The onboarding process raised concerns on security for us. Access is managed via username and password-based SSH, with manual IP address filtering and a fragmented user account system. We had no way to create new users for others on the team to test, implying that it would be difficult to support RBAC with an external IAM provider.
The SLURM environment itself also suffered from basic configuration errors. Jobs fail to run initially as no default partition is configured, requiring manual specification for every submission. In addition there was no topology.conf configured. If Neya is going to run a 25k GPU cluster in the future, topology aware scheduling is going to be critical. Also, monitoring and health checks are effectively non-existent. The provided Grafana dashboard was non-functional during our testing and appeared to be missing some expected exporters for health checks or performance monitoring to work. On a more positive note, the software stack for containerized workloads is modern. We found an up-to-date NVIDIA container toolkit, and both pyxis and enroot were installed.

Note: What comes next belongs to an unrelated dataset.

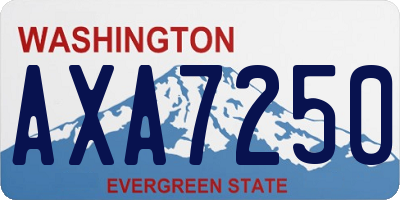 WA license plate AXA7250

At the time of testing, Neysa did not have a Kubernetes offering available for us to test. We look forward to testing it in the future. We expect Neysa to benefit from compliance with Indian regulations such as the DPDP, but we find it unlikely that they are able expand beyond their domestic market at this time. We encourage Neysa to improve their default experience: a better security posture, user management, proactive support experience, default monitoring systems, and health checks.